Türkiye’de Ortadoğu Teknik Üniversitesi ile Siyasal Bilgiler Fakültesi’nin aynı alan öğrencileri arasında yapılan ve yayımlanan veriler de bunu teyit eder nitelikte. ODTÜ daha yüksek puanla aldığı öğrencilere İngilizce Hazırlık eğitimi vererek eğitimi, İngilizce yapar. SBF daha düşük puanla aldığı öğrencileri Türkçe eğiterek mezun eder. Yapılan araştırmalarda SBF mezunlarının daha başarılı ve alana hâkim oldukları gözlemlenir.

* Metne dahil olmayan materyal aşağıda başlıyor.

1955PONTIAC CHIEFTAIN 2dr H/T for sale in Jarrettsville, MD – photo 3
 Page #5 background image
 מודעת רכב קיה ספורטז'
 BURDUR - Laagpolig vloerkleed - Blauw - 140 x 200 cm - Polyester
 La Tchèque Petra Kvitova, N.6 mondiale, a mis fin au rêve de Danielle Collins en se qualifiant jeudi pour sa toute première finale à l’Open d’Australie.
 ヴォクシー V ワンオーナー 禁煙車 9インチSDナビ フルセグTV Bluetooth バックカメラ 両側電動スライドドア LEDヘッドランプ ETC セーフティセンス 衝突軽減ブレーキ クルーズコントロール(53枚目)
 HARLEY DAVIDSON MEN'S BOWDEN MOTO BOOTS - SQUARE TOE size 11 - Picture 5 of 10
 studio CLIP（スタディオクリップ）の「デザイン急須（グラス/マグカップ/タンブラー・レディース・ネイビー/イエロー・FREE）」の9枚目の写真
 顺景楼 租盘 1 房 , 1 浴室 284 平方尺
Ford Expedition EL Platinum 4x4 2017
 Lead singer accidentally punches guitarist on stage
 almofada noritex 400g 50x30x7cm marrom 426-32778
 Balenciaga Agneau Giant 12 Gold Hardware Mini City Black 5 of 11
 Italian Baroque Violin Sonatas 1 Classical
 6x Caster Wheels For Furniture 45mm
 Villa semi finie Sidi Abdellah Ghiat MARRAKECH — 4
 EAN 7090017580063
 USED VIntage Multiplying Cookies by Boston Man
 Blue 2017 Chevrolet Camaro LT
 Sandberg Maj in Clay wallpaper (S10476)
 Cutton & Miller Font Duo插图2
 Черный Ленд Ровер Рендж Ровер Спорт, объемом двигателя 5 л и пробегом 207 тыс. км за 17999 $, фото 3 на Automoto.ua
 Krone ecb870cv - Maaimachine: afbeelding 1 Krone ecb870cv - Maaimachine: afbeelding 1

İbn Haldun’a göre ana dili dışında eğitim gören kişi hangi dilde eğitim görüyorsa o dili konuşanlara göre geride kalır; çünkü dil akılda ve zihinde bulunan anlamların ifade biçimidir. İnsan dil ile muhayyilesinde şekillenen ve anlamlı hale gelen verileri, daha anlamlı bir üslupla münazara ve müzakerelerde kullanır. Eğitim ve öğretim yaparken, bilimsel konuları etüt ederken muhatabına, öğrencisine veya bir başkasına aktarır. Buuzun süre yaparak edinilen pratiklerle ve dilin çağrışımlarla anlamlarının zihinde oluşturduğu anlam alanının meleke haline gelmesiyle mümkündür. Bundan ötürü diller ve kavramlar, bilginin aktarılması ve öğretilmesinde birer vasıta olabileceği gibi birer perde/engel de olabilirler. İbn Haldun’un yedi asır önce öneminin altını çizdiği anadilde eğitimin yerine ikame edilen yabancı dille eğitim veya yabancı dillerin etkisine açık bozuk Türkçeye ek olarak çoktan seçmeli sistem ve diplomalı cahil üreten yüzlerce üniversite; geleceğe dair ümitlerimizi beslemekten mahrum. İbn Haldun’a göre eğitim ve öğretimleri ile bilimsel faaliyetlerini anadilleriyle yapan toplumlar daha başarılı olur.
Siyasal bilgiler fakültesi mezunu Yüce Divan ve Parlamento’nun ne demek olduğunu bilmeden,
Balkan Tehciri, Kafkas Sürgünü, 31 Mart Vakası ve 1915 olaylarından bihaber tarih mezunları,
Denklem çözemeyen matematik öğrencileri,
Periyodik cetveli mezura sanan kimya öğrencileri,
İngilizce konuşamayan İngiliz dili-edebiyatı mezunları,
Anayasanın ilk üç maddesinden habersiz hukuk mezunları,
Yakınlıkları bilinen Mehmet Akif ve Tevfik Fikret kavgasının medeniyet tercihleri ile ilgisini bilmeyen edebiyat mezunlarına diploma vererek çağı yeni bir merhaleye taşıyamayız.